:: Exercise aim ::
Pictures in the entries below are excluded; copy only the lines from the one containing "Slatted Outdoor Monobloc" to the one containing "Paulmann Circle LED", both included.

[Captioned web image data]
◆ ◆ ◆ ◆
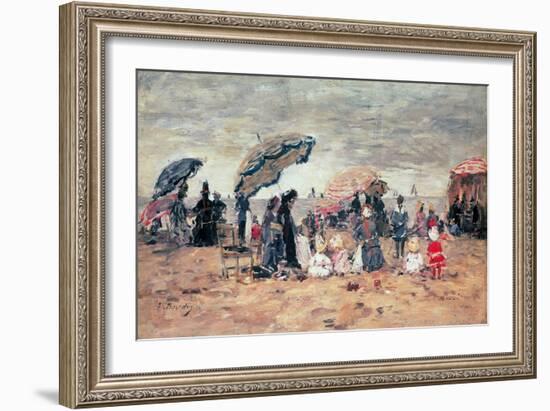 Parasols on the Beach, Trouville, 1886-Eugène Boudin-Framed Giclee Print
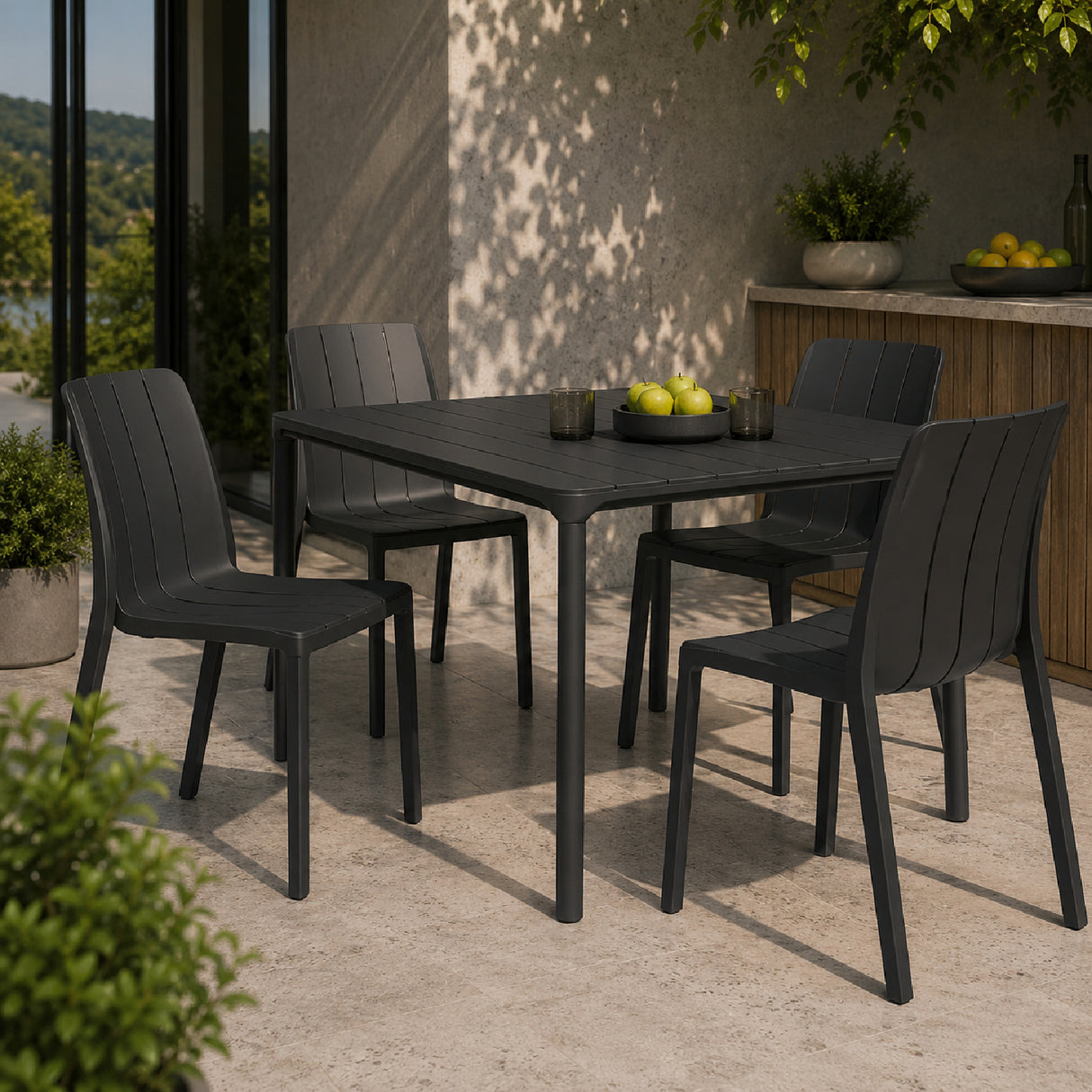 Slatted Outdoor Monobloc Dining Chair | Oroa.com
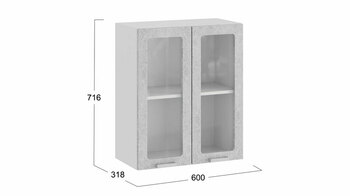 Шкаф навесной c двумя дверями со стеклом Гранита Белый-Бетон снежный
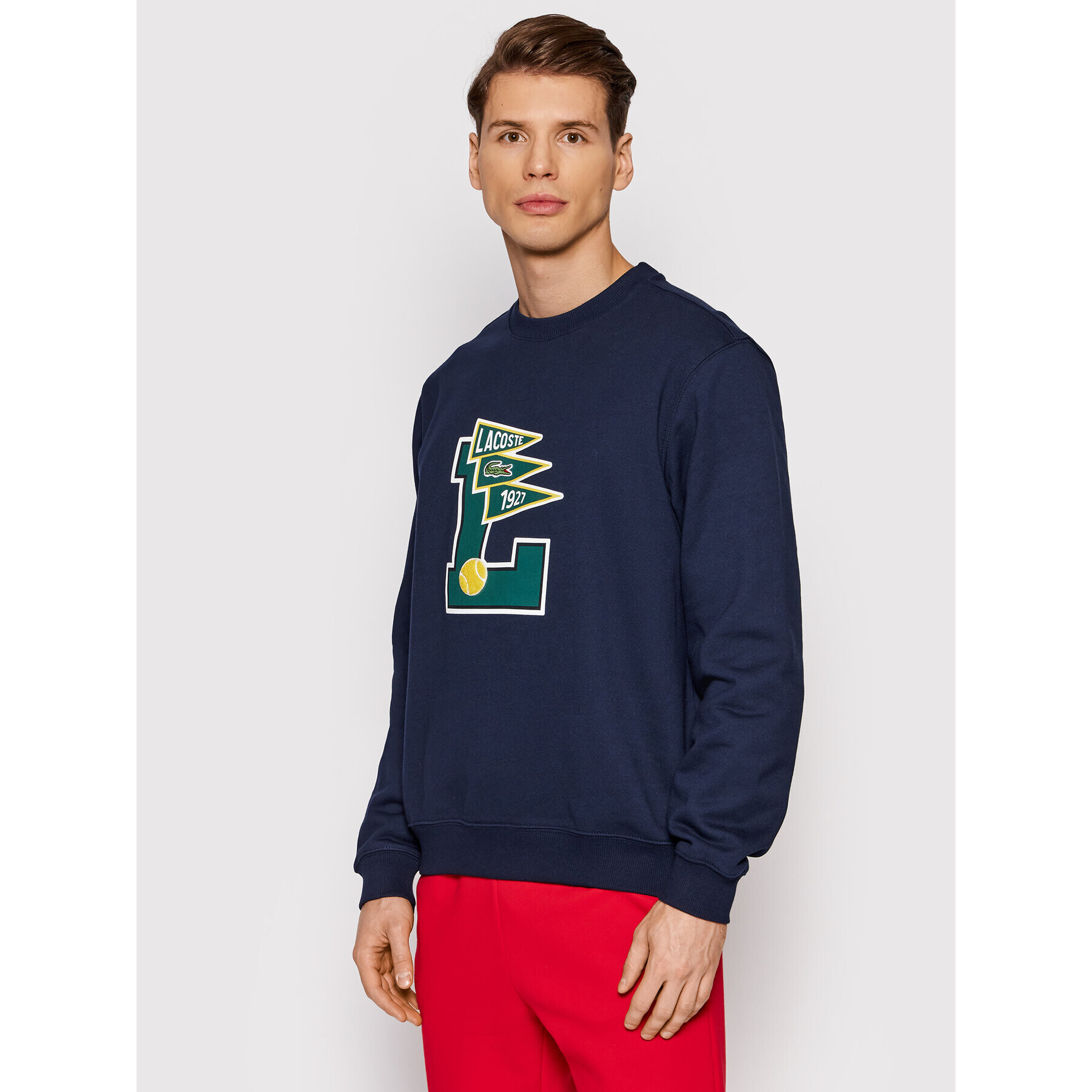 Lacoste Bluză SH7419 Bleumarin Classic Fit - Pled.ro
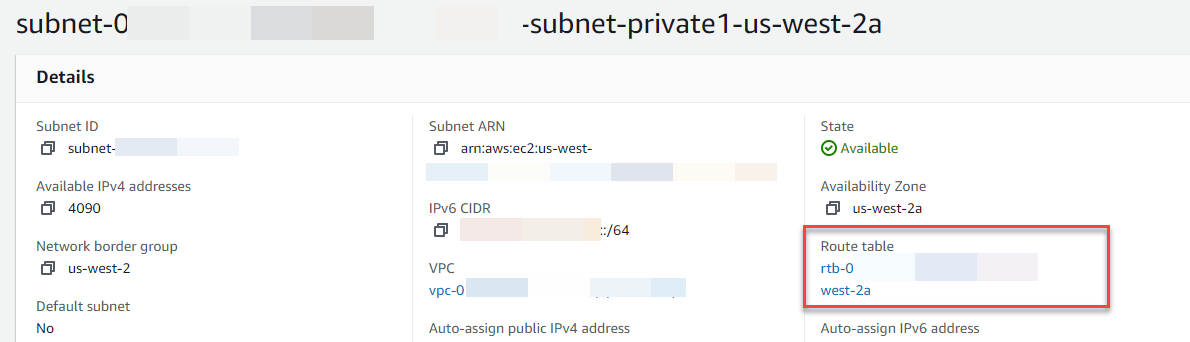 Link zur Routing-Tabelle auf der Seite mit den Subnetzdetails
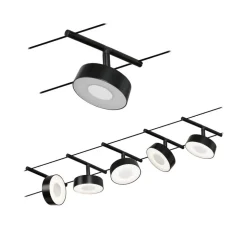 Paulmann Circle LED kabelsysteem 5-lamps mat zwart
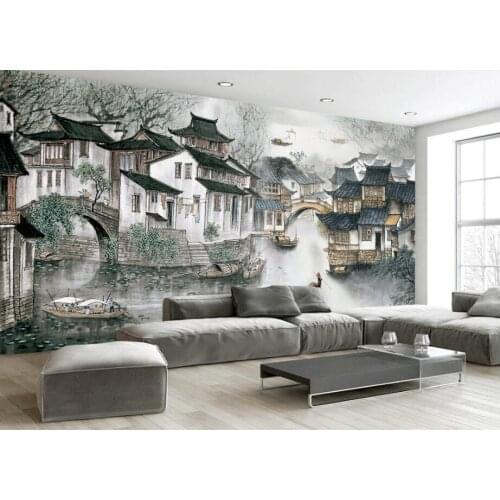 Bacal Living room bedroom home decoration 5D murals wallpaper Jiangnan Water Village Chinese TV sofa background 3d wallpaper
◆ ◆ ◆ ◆
:: Output below ::
 Slatted Outdoor Monobloc Dining Chair | Oroa.com
 Шкаф навесной c двумя дверями со стеклом Гранита Белый-Бетон снежный
 Lacoste Bluză SH7419 Bleumarin Classic Fit - Pled.ro
 Link zur Routing-Tabelle auf der Seite mit den Subnetzdetails
 Paulmann Circle LED kabelsysteem 5-lamps mat zwart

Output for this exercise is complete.